There is a line containing "Red Pakistani Gabbeh" in the records below. Repeat it and every line after it, exactly, through the final line, but no pictures.

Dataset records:
== == ==

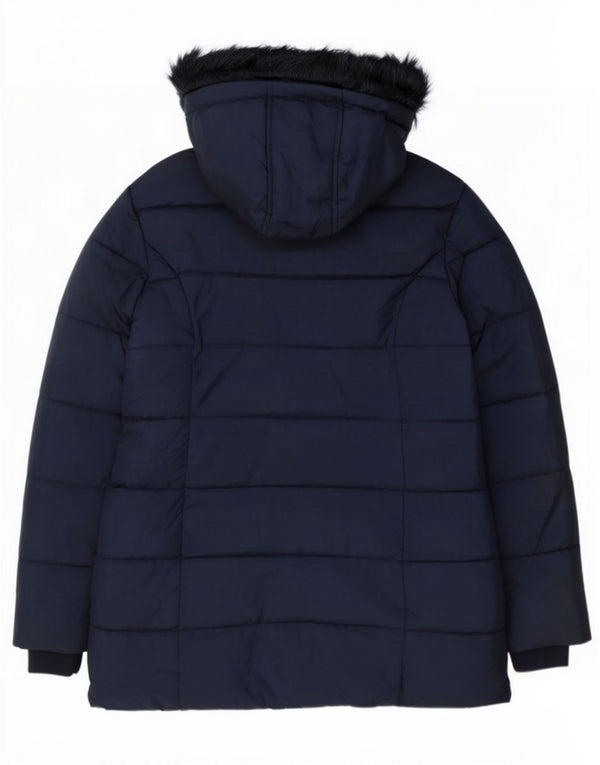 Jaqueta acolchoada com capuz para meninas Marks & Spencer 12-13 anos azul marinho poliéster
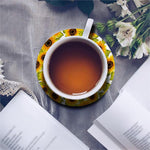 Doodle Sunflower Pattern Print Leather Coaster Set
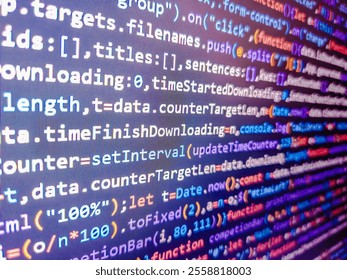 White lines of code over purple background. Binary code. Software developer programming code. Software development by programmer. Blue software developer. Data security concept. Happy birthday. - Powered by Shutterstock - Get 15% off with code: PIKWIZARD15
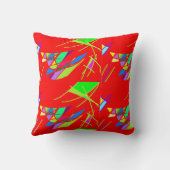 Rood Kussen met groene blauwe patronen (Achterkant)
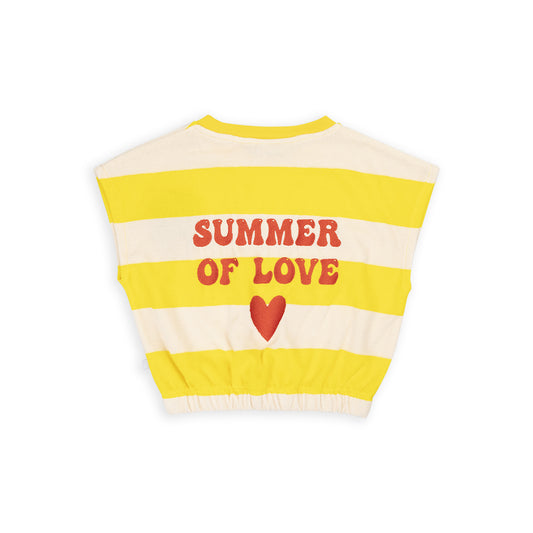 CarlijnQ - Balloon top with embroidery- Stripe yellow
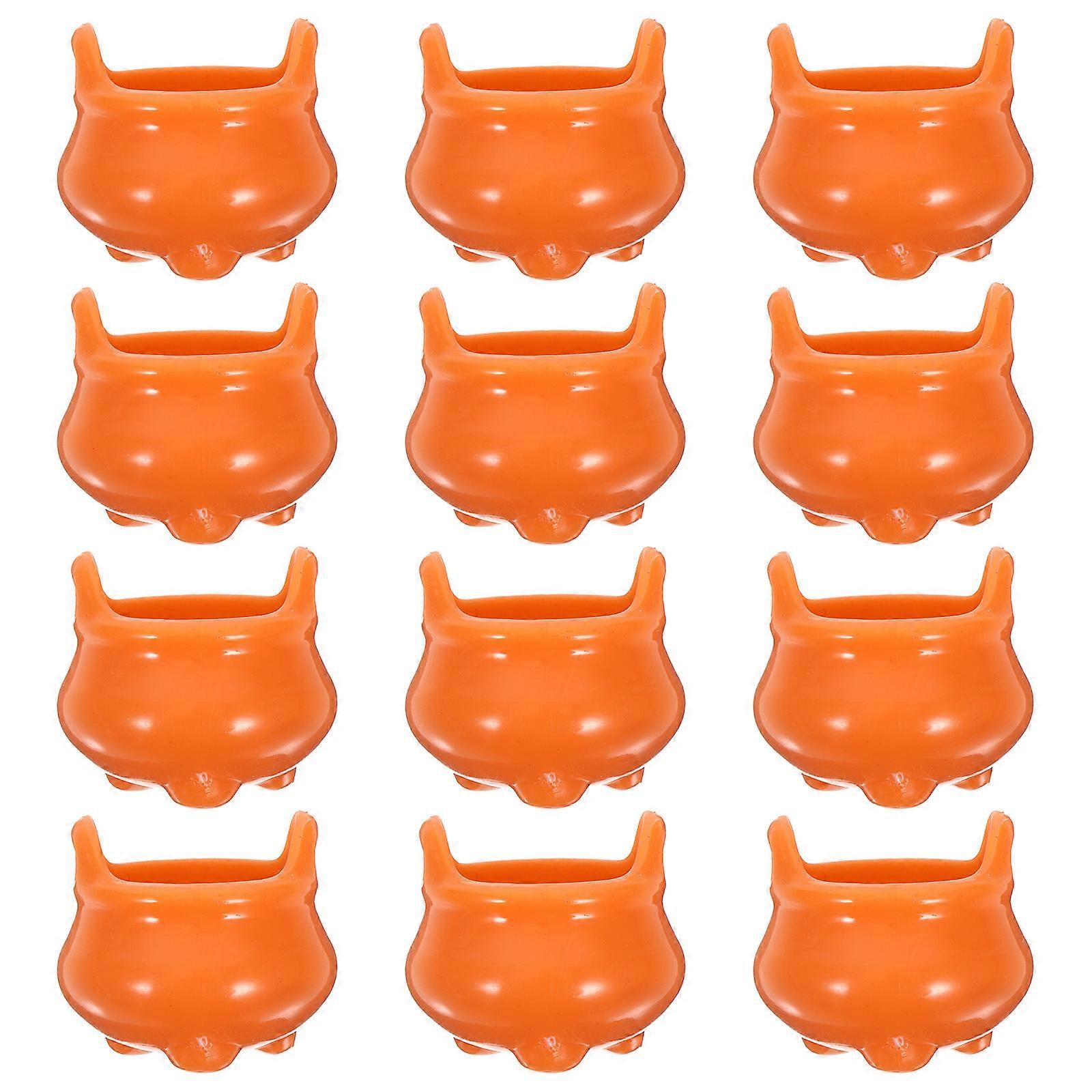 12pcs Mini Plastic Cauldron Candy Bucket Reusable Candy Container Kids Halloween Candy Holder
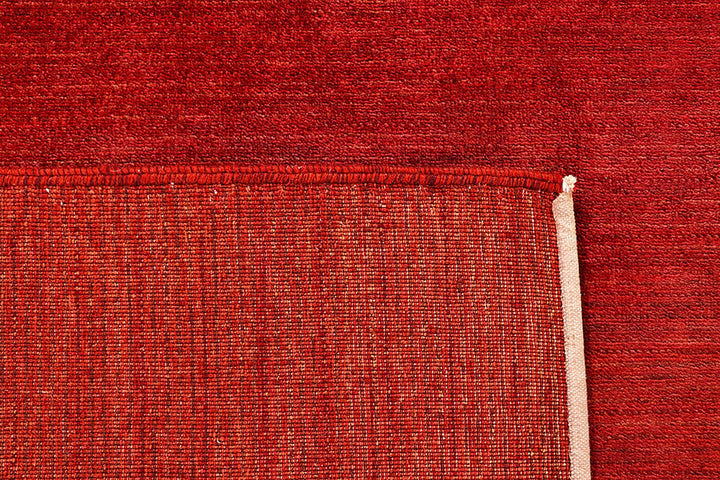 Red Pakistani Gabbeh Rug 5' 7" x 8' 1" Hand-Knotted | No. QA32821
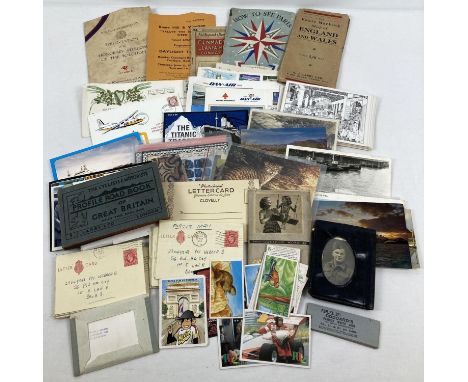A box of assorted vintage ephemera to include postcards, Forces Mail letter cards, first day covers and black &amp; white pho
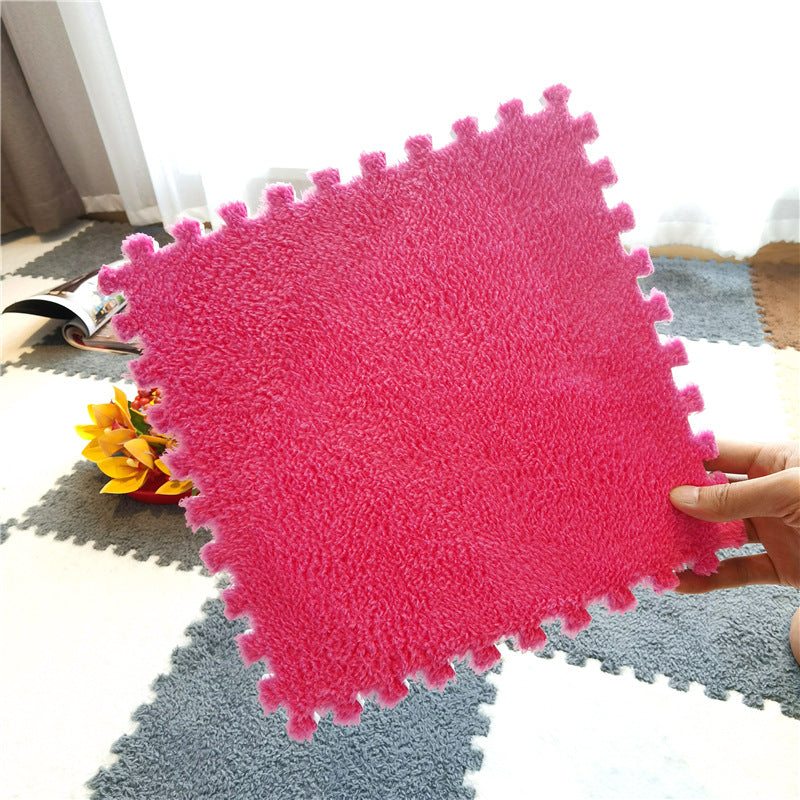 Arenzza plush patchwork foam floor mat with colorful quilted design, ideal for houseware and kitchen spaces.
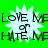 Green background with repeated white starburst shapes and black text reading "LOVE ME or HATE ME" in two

== == ==

* [Answer area]:
 Red Pakistani Gabbeh Rug 5' 7" x 8' 1" Hand-Knotted | No. QA32821
A box of assorted vintage ephemera to include postcards, Forces Mail letter cards, first day covers and black &amp; white pho
 Arenzza plush patchwork foam floor mat with colorful quilted design, ideal for houseware and kitchen spaces.
 Green background with repeated white starburst shapes and black text reading "LOVE ME or HATE ME" in two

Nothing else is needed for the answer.